Вот никогда бы не подумал, что буду так рад вернуться с моря и окунуться в воды обычной реки! Пусть даже если река эта — сам Дон-батюшка в нижнем его течение… Однако теперь это реальность моего бытия. И мне остается лишь радоваться тому, что мы счастливо разминулись с боевыми галерами фрязей в открытом море…
Конечно я пытался все рассчитать перед походом — но, как говорится, все планы живут до первого выстрела противника. И все же мы сумели скрытно подобраться к генуэзскому морскому каравану, подгадали действительно темную, практически безлунную ночь… Собственно, по плану прошло и начало боевой операции. Так, по пути в Сурожское море мой флот прошел «Казачьим» ериком, оставив «Елизаветинскую» косу по правую руку — прошел в предрассветных сумерках, так что и заметить нас с минаретов Азака татары не могли! Далее мы проследовали рукавом «Каланча» и гирлом «Мокрая Каланча», без приключений миновав Тану — и вышли в открытое море…
А вот вернуться я решил, следуя вдоль берега — чтобы войти в Дон первым же попутным рукавом, рекой «Мертвый Донец». Хоть убей, не знаю, откуда это название — говорят вроде, что из-за разрушенного древнегреческого Танаиса, когда-то стоящего на его берегах… Но верится в эту версию с трудом.

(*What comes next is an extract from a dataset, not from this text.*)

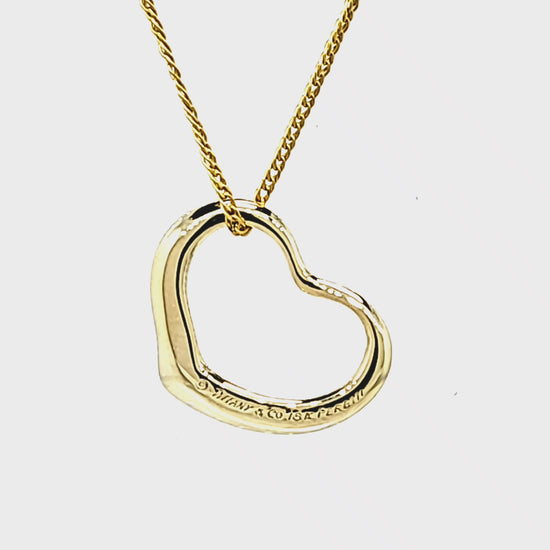 Load and play video in Gallery viewer, Pre-Owned Tiffany and Co. Elsa Peretti Medium Open Heart Pendant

Как бы то ни было, решение мое оказалось совершенно оправданным. Мы удалились от будущего Таганрога всего на десяток верст, забирая на север — как на самой границе горизонта заметили паруса аж десяти малых галер-фусте, следующих с востока! Не иначе беглецы из Порто-Пизано добрались до Азака — а в генуэзской и венецианской Танах нашлось достаточно смелых моряков и кораблей, готовых рассчитаться с нами за прошлый набег… Выходит, не соврали казаки о крепкой флотилии фрязей!
Хотя… Может статься, что это были заранее собранные экипажи именно грузовых кораблей — просто особая специализация судов в здешних водах отсутствует. А собрали их, чтобы перегрузить в Порто-Пизано ценный для татар груз олова и доставить его в Азак. Олово ведь как раз и привезли на захваченных нами галерах… Но вместо гонца с сообщением о прибытии торгового каравана, получили призыв о помощи! Тогда нам тем более повезло — местные итальянцы готовы убивать ради своих барышей… А иногда и идти за них на смерть.
Конечно, десять фустэ — это не полноценная боевая эскадра. Но восемьсот морпехов и арбалетчиков, да с учетом решающего превосходства фряжских кораблей в открытом море… Ушкуйники с казаками быть может, и смогли бы пробиться (понеся весомые потери) — но как быть с невольниками-русичами, только-только освобожденными в Порто-Пизано⁈ Нет, слава Богу, что мы успели уйти на север — и фрязи не смогли разглядеть наши приземистые суда с заваленными мачтами!